Ho, Ho, Ho! ‘Tis the season to seize fake glory. After last week’s nailbiting, edge of the seat semifinals the 2011 Gulfman League title will be decided on of all observances, Christmas weekend. For one lucky owner, they’ll be receiving something a little extra in their stockings this year besides deodorant and Valtrex. I’m talking cash-money, payola, coin, dough, bread, greenbacks, cheddar, flow, loot, paper and last but not least, jack.
As correctly predicted by THIS GUY, the Lame Excuses concluded their late season swoon by falling to those pesky Negotiators, who managed to overcome yet another of their lineup blunders to advance to the championship game. Marion Barber over Michael Bush? I’ll take Bush over a guy with a girl name every time, if you catch my meaning.
My upset special failed to come though. The number one seed Hartstoppers vanquished the Lardasses by a measly two-tenths of a point. I’m fairly certain Indiana will be kicking demselves for not starting Ahmad Bradshaw, yo. But like I penned last week, the fact that they even qualified for the playoffs was a minor miracle. Or maybe it was awesome team management? Nah, I’m sticking to miracle.
Anywho, we’re down to two. Which Gulfman League franchise will take the strap and which one will crawl away with a shitty second-place check? I have the answers.
Behold, a championship prediction!
#1 Hartstoppers vs. #3 Negotiators
Wait a second, the team with the best record and the one that scored the most points reached the Big Game? That almost never happens. I blame the lockout. Why? Because there’s no way to quantify that it’s not the reason. It’s like Cube said, “Life ain’t nothin’ but bitches and money.” I have no idea what that quote has to do with the topic at hand, but I felt compelled to include it for some reason.

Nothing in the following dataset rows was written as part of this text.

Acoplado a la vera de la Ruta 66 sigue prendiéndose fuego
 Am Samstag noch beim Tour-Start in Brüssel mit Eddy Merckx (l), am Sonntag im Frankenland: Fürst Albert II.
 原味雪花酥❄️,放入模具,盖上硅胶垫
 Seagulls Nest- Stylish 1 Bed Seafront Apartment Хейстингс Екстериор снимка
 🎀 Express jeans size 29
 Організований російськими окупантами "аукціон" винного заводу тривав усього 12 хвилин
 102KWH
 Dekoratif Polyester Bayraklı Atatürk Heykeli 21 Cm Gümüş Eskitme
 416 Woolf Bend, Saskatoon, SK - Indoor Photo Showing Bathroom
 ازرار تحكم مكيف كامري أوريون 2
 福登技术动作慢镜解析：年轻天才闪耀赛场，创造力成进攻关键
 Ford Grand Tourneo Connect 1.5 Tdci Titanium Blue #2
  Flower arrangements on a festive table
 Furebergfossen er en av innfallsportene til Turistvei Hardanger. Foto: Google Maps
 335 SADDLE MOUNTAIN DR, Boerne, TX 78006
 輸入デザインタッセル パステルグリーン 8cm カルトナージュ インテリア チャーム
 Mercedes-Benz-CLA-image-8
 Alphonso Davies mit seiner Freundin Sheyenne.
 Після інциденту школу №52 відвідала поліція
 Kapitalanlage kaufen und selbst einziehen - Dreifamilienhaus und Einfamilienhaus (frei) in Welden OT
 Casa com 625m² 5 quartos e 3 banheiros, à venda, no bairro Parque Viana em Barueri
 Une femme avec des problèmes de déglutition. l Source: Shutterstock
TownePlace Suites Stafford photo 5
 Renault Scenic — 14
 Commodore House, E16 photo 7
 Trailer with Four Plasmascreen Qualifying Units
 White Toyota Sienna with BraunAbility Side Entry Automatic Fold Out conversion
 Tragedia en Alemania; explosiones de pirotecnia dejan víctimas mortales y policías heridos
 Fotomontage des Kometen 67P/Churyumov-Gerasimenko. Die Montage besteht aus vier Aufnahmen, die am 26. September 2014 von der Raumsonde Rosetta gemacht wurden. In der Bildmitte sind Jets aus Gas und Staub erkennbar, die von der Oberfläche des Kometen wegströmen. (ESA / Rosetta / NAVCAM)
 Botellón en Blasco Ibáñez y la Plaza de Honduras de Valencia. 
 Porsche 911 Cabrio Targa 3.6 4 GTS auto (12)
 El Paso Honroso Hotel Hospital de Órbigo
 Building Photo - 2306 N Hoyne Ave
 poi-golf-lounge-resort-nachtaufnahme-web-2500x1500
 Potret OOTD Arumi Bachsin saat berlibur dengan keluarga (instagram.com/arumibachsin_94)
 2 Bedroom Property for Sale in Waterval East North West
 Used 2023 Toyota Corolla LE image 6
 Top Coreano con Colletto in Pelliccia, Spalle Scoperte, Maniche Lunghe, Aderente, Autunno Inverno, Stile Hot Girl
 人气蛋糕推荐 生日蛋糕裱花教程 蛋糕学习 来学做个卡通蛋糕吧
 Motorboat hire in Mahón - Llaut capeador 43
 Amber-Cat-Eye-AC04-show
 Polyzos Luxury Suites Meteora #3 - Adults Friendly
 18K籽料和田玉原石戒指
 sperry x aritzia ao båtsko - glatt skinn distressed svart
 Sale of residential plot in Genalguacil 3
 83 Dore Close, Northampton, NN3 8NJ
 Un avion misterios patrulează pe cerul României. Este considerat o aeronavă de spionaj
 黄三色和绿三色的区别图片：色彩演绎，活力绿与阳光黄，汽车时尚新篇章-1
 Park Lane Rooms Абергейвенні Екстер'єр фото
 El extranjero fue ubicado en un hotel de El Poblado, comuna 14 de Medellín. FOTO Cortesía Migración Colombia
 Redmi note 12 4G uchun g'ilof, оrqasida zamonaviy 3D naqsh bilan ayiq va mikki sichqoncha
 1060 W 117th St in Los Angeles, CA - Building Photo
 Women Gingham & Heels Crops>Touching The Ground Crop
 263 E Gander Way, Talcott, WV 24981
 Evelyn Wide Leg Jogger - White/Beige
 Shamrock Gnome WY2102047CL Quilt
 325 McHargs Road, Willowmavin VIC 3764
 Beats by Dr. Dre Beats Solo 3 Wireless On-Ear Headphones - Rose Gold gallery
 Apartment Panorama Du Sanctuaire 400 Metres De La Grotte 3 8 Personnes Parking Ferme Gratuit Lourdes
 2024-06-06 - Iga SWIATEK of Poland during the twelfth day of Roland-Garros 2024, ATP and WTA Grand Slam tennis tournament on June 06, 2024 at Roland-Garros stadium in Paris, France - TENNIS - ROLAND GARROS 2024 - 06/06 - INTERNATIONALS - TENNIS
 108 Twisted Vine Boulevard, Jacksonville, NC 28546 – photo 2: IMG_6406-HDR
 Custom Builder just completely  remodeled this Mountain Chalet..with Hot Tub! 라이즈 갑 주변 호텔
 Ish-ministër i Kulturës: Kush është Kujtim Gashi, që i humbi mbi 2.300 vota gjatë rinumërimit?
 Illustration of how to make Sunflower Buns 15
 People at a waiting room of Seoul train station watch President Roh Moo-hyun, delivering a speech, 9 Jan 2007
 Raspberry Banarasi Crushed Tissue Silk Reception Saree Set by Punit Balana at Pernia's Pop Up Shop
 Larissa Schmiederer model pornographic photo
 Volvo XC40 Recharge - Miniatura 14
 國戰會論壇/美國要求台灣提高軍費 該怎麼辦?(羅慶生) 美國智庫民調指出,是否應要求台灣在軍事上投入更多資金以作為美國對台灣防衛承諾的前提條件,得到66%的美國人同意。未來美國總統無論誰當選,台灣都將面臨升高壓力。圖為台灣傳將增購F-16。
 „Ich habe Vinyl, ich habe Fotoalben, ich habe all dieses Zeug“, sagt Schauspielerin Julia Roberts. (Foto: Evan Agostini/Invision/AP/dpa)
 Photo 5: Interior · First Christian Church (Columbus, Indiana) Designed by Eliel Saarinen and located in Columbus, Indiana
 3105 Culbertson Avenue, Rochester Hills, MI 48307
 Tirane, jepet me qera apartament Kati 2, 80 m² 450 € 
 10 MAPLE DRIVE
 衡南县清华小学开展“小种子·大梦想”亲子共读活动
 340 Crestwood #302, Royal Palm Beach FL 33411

I digress. The Stoppers backfield of Sproles and Spiller clocked 45.9 points last week. Can they do it again? Sure, why the fuck not? Buyer Beware, though: last time Sproles played the ATL he scored 0.3. Jeremy Maclin doesn’t have a great history versus Dallas, but he’s overdue for a monster effort. Oh, and guess what Jermichael Finley did the last time he faced the Bears? Scored three touchdowns. Methinks the schizophrenic Vinnie Jackson will have a nice day in a points o’ plenty showdown with the once cowardly Lions.
I’m going to assume the Dealmakers will do the smart thing and start Michael Bush — seeing he has OWNED the Chiefs during his career — and leave the mentally and physically challenged Marion Barber on the pine. Of course, predicting what they might do is an exercise in stupidity. Hey, they made it this far, so who am I to punch holes in their logic? The schedule is kind this week as Arian Foster draws the hapless Colts, who have surrendered 18 scores on the ground. Steve Smith and Julio Jones flopped in their first meetings with Tampa and New Orleans respectively, but I’m liking both to rebound. And footie extraordinaire David Akers racked 15 points the last time he played Seattle.
This has the makings of a doozy finale. And the beauty of it is we’ll have to wait until the Monday nighter is finished to crown a winner. Wunderbar!
As was the case a week ago, Aaron and Arian will be too much to handle.
Negotiators 102.6, Hartstoppers 97.4
Happy Christmas to all and to all a good weekend.